Handel
Arias from – La Resurrezione, Il Trionfo del Tempo e del Disinganno, Agrippina, Apollo e Dafne, Dixit Dominus, Salve Regina [sung in either Italian or Latin]
Julia Lezhneva (soprano)
Il Giardino Armonico
Giovanni Antonini
Recorded 2-4 & 6-10 January 2015 at Giovanni Arvedi Auditorium, Museo del Violino Antonio Stradivari Cremona
Reviewed by: Curtis Rogers
Reviewed: March 2016
CD No: DECCA 478 6766
Duration: 70 minutes
Julia Lezhneva, just turned twenty-five when this recording was made, explores the considerable and precocious body of work composed by the even younger Handel during his sojourn in Italy (between 1706 and 1710) in which he really honed the compositional voice with which he spoke for the rest of his life. The selection draws upon the different Italianate vocal genres with which the German composer experimented and excelled – opera, oratorio, cantata, and church music.
To a considerable degree it is as a recital that this disc comes across, rather than a series of dramatic scenes extracted from a wider narrative, as Lezhneva does not go far to delineate the emotional character of the individual numbers. However, she brings a similar clarity and seamlessness of expression to each aria, which works superbly in those items of dignified calm or rapt stillness such as ‘Per dar pregio all’amor mio’ from Rodrigo or ‘Lascia la spina’ from Il Trionfo (famously later used as ‘Lascia ch’io pianga’ in Rinaldo).

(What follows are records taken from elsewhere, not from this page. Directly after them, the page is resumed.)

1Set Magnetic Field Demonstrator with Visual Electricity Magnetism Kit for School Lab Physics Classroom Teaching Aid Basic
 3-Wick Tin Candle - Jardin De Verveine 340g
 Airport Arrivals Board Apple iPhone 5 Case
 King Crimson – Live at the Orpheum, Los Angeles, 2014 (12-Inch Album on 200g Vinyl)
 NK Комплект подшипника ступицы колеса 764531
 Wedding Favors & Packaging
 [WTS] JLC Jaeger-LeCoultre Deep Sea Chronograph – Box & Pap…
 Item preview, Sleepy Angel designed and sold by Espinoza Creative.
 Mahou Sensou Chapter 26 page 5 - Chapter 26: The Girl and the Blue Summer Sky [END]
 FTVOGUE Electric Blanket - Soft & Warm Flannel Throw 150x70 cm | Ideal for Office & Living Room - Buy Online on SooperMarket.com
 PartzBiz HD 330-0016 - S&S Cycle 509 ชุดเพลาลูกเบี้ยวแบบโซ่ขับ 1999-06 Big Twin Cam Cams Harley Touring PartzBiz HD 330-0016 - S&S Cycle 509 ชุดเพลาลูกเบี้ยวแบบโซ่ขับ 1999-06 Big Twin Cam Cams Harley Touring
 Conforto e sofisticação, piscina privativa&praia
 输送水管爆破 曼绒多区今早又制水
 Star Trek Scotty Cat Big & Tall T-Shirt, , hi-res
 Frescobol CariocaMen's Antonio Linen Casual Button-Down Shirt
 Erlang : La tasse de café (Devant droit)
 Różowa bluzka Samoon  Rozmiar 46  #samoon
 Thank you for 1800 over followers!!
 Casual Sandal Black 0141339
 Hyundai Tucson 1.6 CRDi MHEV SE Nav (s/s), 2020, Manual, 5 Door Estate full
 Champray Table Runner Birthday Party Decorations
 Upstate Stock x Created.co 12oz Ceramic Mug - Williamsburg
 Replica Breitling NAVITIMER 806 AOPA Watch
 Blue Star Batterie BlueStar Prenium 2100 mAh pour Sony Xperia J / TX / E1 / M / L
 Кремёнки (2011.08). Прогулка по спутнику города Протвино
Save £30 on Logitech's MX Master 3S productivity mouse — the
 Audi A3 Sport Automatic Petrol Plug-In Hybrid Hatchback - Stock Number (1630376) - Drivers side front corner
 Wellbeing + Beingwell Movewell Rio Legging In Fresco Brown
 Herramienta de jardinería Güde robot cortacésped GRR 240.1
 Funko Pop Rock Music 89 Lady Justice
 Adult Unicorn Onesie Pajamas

A mood of spiritual pallor pervades the Salve Regina setting (sung complete), but there could be more of a yearning intensity in this prayer to the Virgin, and also a keener sense of Agrippina’s mental torments in the remarkable soliloquy from that opera (though the chromatic melismas there do come close to sounding like a wail). Pieces such as ‘Ad te clamamus’ from the Salve Regina, and ‘Tu del Ciel ministro eletto’ from Il Trionfo, are rightly reflective and transcendent, but here lack tension by being too slow and leisurely.
In faster music Lezhneva’s singing is virtually impeccable (except for some occasional squally runs), but often a sense of urgency is missing, not helped by the slightly distant position from which the recording seems to capture her, undermining a sense of triumph in the jubilant ‘Disserratevi, o porte d’Averno’ of La Resurrezione, for example. One would never guess that, in contrast, the similar ebullience of ‘Come nembo’ from Il Trionfo (which Handel drew upon twenty years later for ‘Vivi tiranno’ in Rodelinda) expresses not victory, but the retreat of Pleasure in that allegorical work.
Giovanni Antonini and Il Giardino Armonico provide tasteful support throughout, and particular highlights are the way in which Dmitry Sinkovksy takes his cue from Lezhneva by also embellishing the violin line in the da capo for ‘Lascia la spina’, and the poised accompaniment from oboe and pizzicato strings for the lilting aria ‘Felicissima quest’alma’ from the cantata Apollo e Dafne.
In many ways, then, this is a technically accomplished release, offering riches aplenty for the listener. But Handel’s true genius as one of the great communicators of human emotion in music is rather latent here. The booklet includes the original texts as well as translations into English, French and German.